Nanoparticle-loaded highly flexible fibrous structures exhibiting desirable thermoelectric properties

Abstract

Thermoelectric, the science of transforming heat to electrical energy or vice versa, provides the possibility to reserve heat losses as an electrical energy, which is called green energy. In recent years, producing a wearing thermoelectric generator that capable using human body temperature receives a great interest. In this research, a nanocomposite of Polyvinylpyrrolidone (PVP)/carbon nanotubes (CNTs)/copper oxide (CuO) nanoparticles were used in order to produce electrical current from heat losses.
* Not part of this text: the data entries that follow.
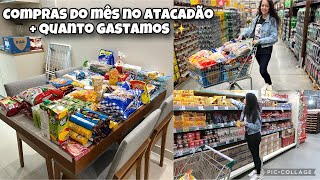 COMPRAS DO MÊS DE OUTUBRO NO ATACADÃO  QUANTO GASTAMOS ✨🩷 [upl. by Aihsilat]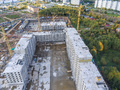 ЖК «Лучи». Корпус 6. Ход строительства. Аэрофотосъемка. Фото от 01.10.2016 г.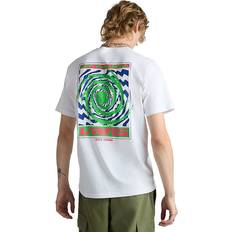 Vans Men Clothing Vans Wormhole Warped T-Shirt - White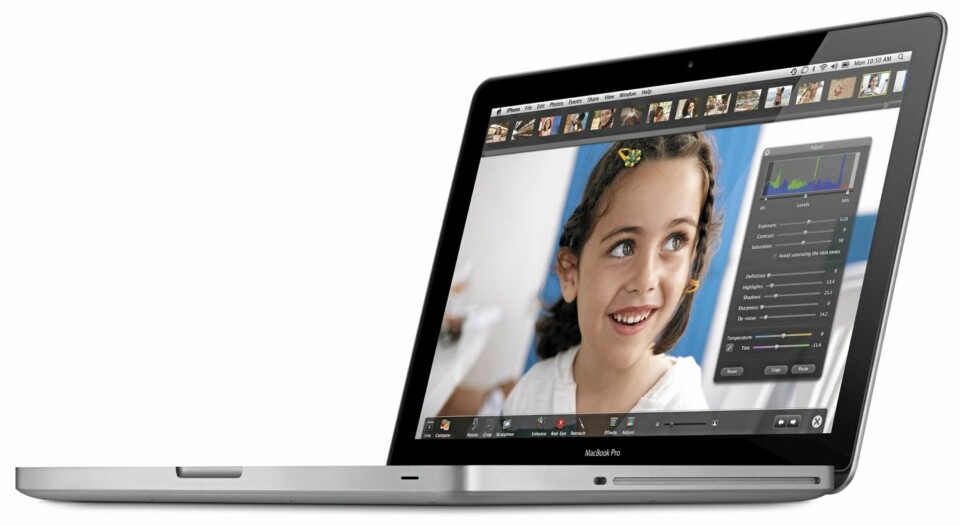 13 TOMMER: Apple MacBook Pro 13 har en 13 tommer stor skjerm og koster 12.490 kroner.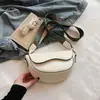 Bolso bandolera retro casual de un solo hombro tipo sillín para mujer, color liso, único, gran capacidad, novedad 2026, texturizado, nuevo estilo de moda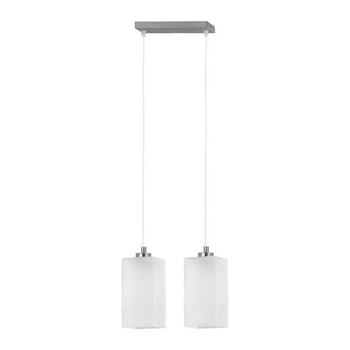 Podwieszana lampa sufitowa 2-punktowa ICE LISTWA 115 SREBRNA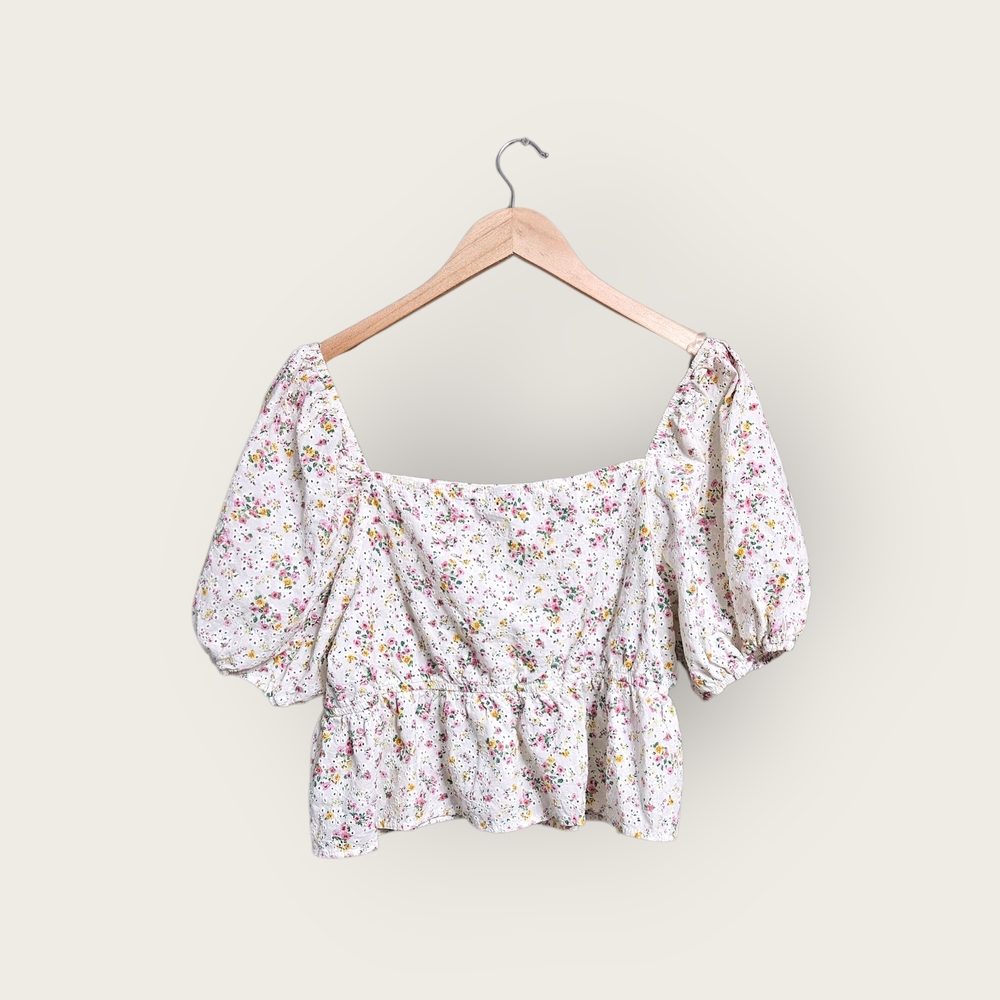 Wild Fable Floral Print Puff Sleeve Blouse
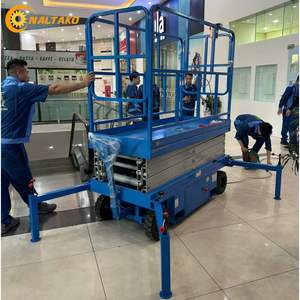 Plateforme élévatrice à ciseaux tractable électrique 220V 5M, acier haute résistance Q345, 4 stabilisateurs, bouton d'arrêt d'urgence - Product Image 4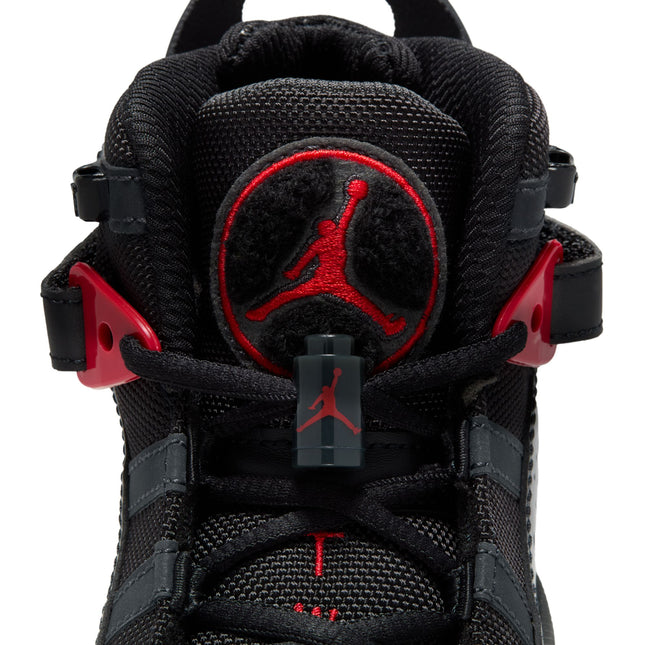 Air Jordan Big Kids 6 Rings - Black/Fire Red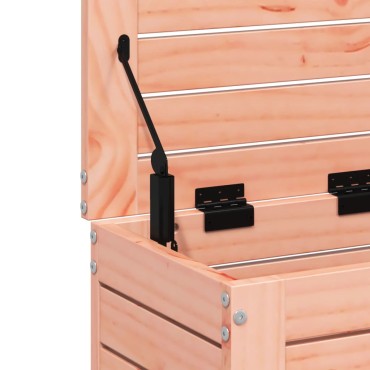 vidaXL Υποπόδιο Κήπου 62x31,5x52cm από Μασίφ Ξύλο Ψευδοτσούγκας 1 τεμ. Γωνιακός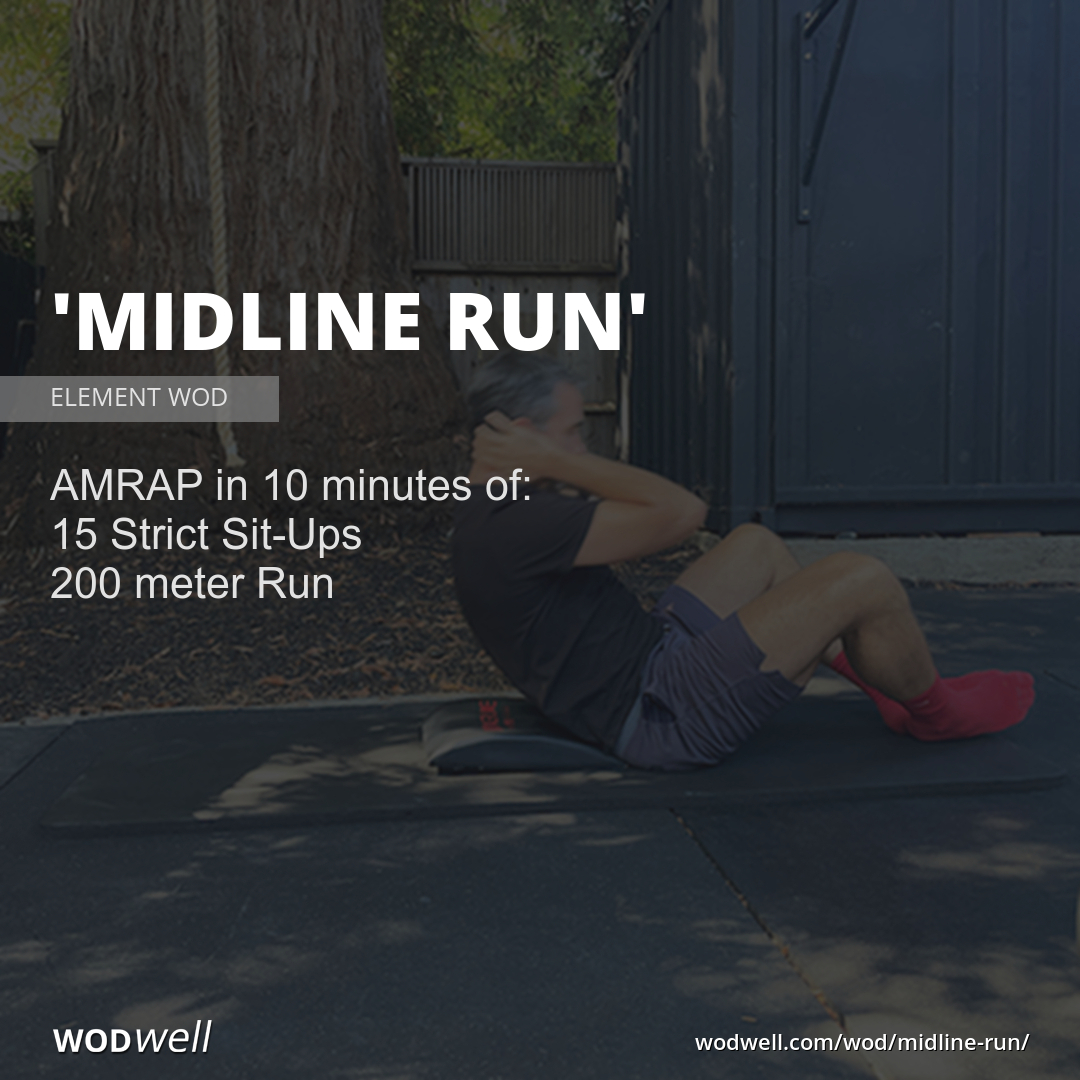 Midline Run WOD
The nanocomposite structures were prepared using two methods of electrospinning and coating the fabrics with a homogenous solution of PVP, CNTs and CuO nanoparticles. SEM, XRD, TEM and FTIR analysis were used to study the structural and morphological characteristics of the nanocomposite. The results showed that the fabric coated with a mixture of 20:20 (wt%) CNT and CuO nano-particles had a Seebeck coefficient of 39.21 μV/K and the electrical conductivity of 3.5 × 10−2 S/cm which were the best thermoelectric properties. Moreover, the results indicated that nanofibers fabricated via electrospinning which consisted of 20:20 (CuO: CNT) nanoparticles had the Seebeck coefficient up to 29.13 μV/K and the electrical conductivity of 2.114 × 10−4 S/cm.